Species of flowering plant

Xanthosia candida is a low-lying, perennial herb in the family Apiaceae and is endemic to the south-west of Western Australia. It has long, slender stems, irregularly toothed or lobed leaves and small white, green or creamy-yellow flowers.

==Description==
Xanthosia candida is a low-lying perennial herb that typically grows to a height of 50 cm and has long, slender, sometimes softly hairy stems. Its leaves vary in shape from broadly egg-shaped with the narrower end towards the base to round or oblong, and are coarsely or irregularly toothed or lobed. The leaves are mostly small, but sometimes up to 25 mm long, woolly-hairy, especially on the lower surface, but become glabrous as they age. The inflorescence is a small compound umbel with four short rays. The lateral rays have one flower and 3 white, green or creamy-yellow bracts and the central flower without bracts. Flowering occurs from September to December or from January to May.

==Taxonomy and naming==
This species was first formally described in 1837 by George Bentham who gave it the name Leucolaena candida in Enumeratio plantarum quas in Novae Hollandiae ora austro-occidentali ad fluvium Cygnorum et in sinu Regis Georgii collegit Carolus Liber Baro de Hügel from specimens collected by Charles von Hügel near the Swan River.
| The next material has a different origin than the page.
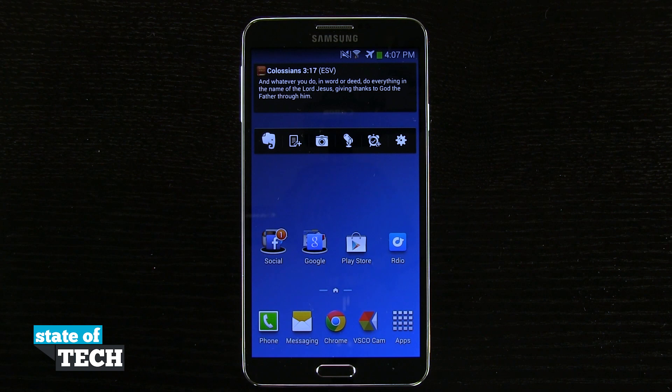Welcome to State of Tech. This is James here with a Samsung Galaxy Note 3 tip for you. I'm going to show you how to disable the S Voice shortcut.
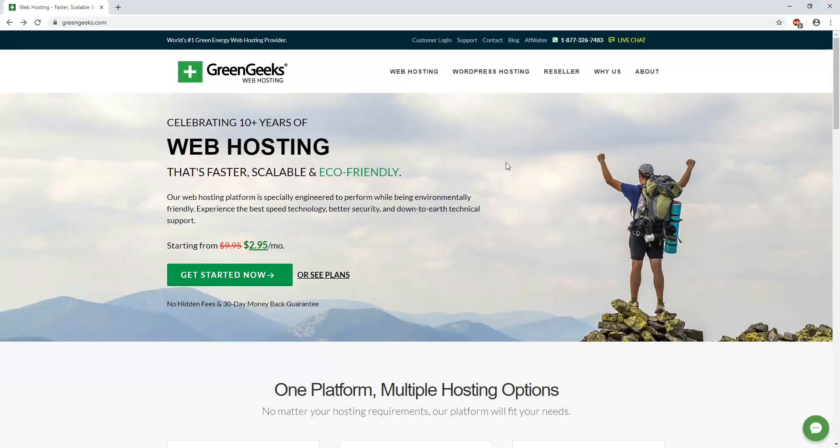Hey, it's Tom from WPWithTom.com, and in this video I'm going to show you how to quickly add SSL or remove SSL from your website for WordPress.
In 1841, Ernst Gottlieb von Steudel transferred the species to Xanthosia as X. candida. The specific epithet (candida) means "becoming pure white".

==Distribution and habitat==
Xanthosia candida grows on hills, ridges and rocky outcrops in the Esperance Plains, Jarrah Forest, Swan Coastal Plain and Warren bioregions of south-western Western Australia and is listed as "not threatened" by the Western Australian Government Department of Biodiversity, Conservation and Attractions.